EVREN’E HALKTAN YUMURTA DEVLETTEN MADALYA

Eylül ayının son günlerinde Almanya’ya gelecek Erdoğan’ın protestolarla karşılanması için yapılan hazırlıkların bir benzeri tam 30 yıl önce 1988 yılının sonbaharında da vardı. O dönem başta Alman demokratlar, solcular, siyasi partilerin yanı sıra Kürdistanlı ve Türkiyeli göçmen kuruluşları Bonn’da devlet töreniyle karşılanacak olan cuntacı paşa Kenan Evren’in ülkeye gelmemesi için protesto gösterileri düzenliyorlardı.

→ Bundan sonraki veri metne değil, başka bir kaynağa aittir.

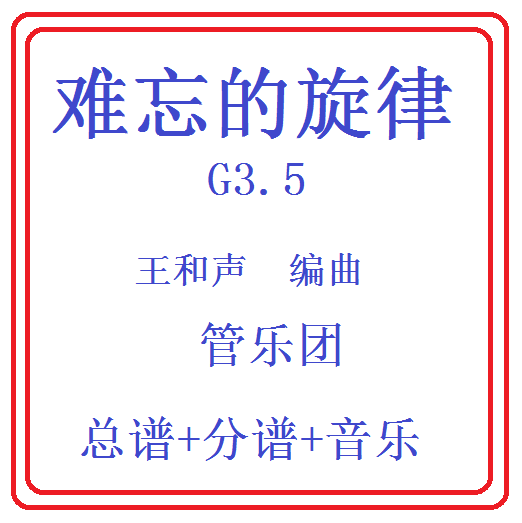 管乐总谱难忘的旋律乐团总分谱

Alman polisi göstericilere saldırıyor, onları gözaltına alıyor, Kenan Evren’in cuntacı yüzünü anlatan pankartları yasaklıyordu. Gösterilere ve muhalefetin baskısına rağmen 12 Eylül cuntasının lideri Kenan Evren 17 Ekim 1988’de Batı Almanya Cumhuriyeti’nin başkenti Bonn’da Cumhurbaşkanı Richard von Weizsaecker tarafından kırmızı halıyla karşılandı. O gün Evren, Bonn belediyesi önünde toplanan milliyetçi Türk yandaşlarını selamlamaya çalışırken, bir grup da yanı başında “Defol faşist” diye bağırarak protesto etti.

Protestocuların attığı yumurtalardan bazıları Evren’in elbisesine değerken, Alman polisi şiddet kullanarak göstericileri apar topar gözaltına aldı. Ancak ne gariptir Alman halkının yumurtalarla karşıladığı faşist cuntanın liderine Alman devleti madalya takacaktı. 21 Ekim 1988’e kadar Batı Almanya’da kalan Kenan Evren’e bizzat Cumhurbaşkanı Weizsaecker tarafından yabancı devlet adamlarına veril en madalya yüksek liyakat nişanı takıldı.

Ancak kamuoyunun tepkisinden korkan Alman yetkililer, bir cunta liderine madalya verdiklerini basından gizlediler. Basın, törensiz yapılan nişanın fotoğrafları daha sonra elde edip yayınlayacaktı. Başbakan Kohl ile görüşüp samimi pozlar veren, cumhurbaşkanı sarayında baloyla karşılanan Evren, Ankara’ya bir dizi anlaşma ve tam destekle dönmüştü.

Evren üzerinden 12 Eylül rejimine verilen desteğin ardından faşist cuntanın istihbaratı Almanya’da daha geniş bir ağ kurmaya başladı. Alman devlet televizyon kanalı ARD’de 3 Nisan 1990 günü yayınlanan “Panaroma” isimli haber programında Türkiye’nin Almanya’daki 13 konsolosluk ve Bonn büyükelçiliği bünyesinde diplomat statüsüyle 30 MİT ajanını çalıştırdığını belgeleyecekti.

Alman makamları, MİT ajanı olduğu kanıtlanan 15 Türk görevlinin ülkelerine geri dönmeleri için baskı yapmaya başladı. Fakat Türkiye sadece 4 istihbarat elemanını geri geçti. Türk istihbaratının 80’lerin sonunda kurduğu ağ gizlenemeyecek kadar genişti. Türk ajanlarına karşı hareket geçen Stuttgart ve Hamburg’daki eyalet başsavcıları kimlikleri tespit edilen 15 kişi hakkında soruşturma açtı. Ancak bu davaların dosyaları da son yıllarda MİT casuslarına yönelik başlatılan soruşturma ve yargılamalarının dosyaları gibi rafa kaldırıldı.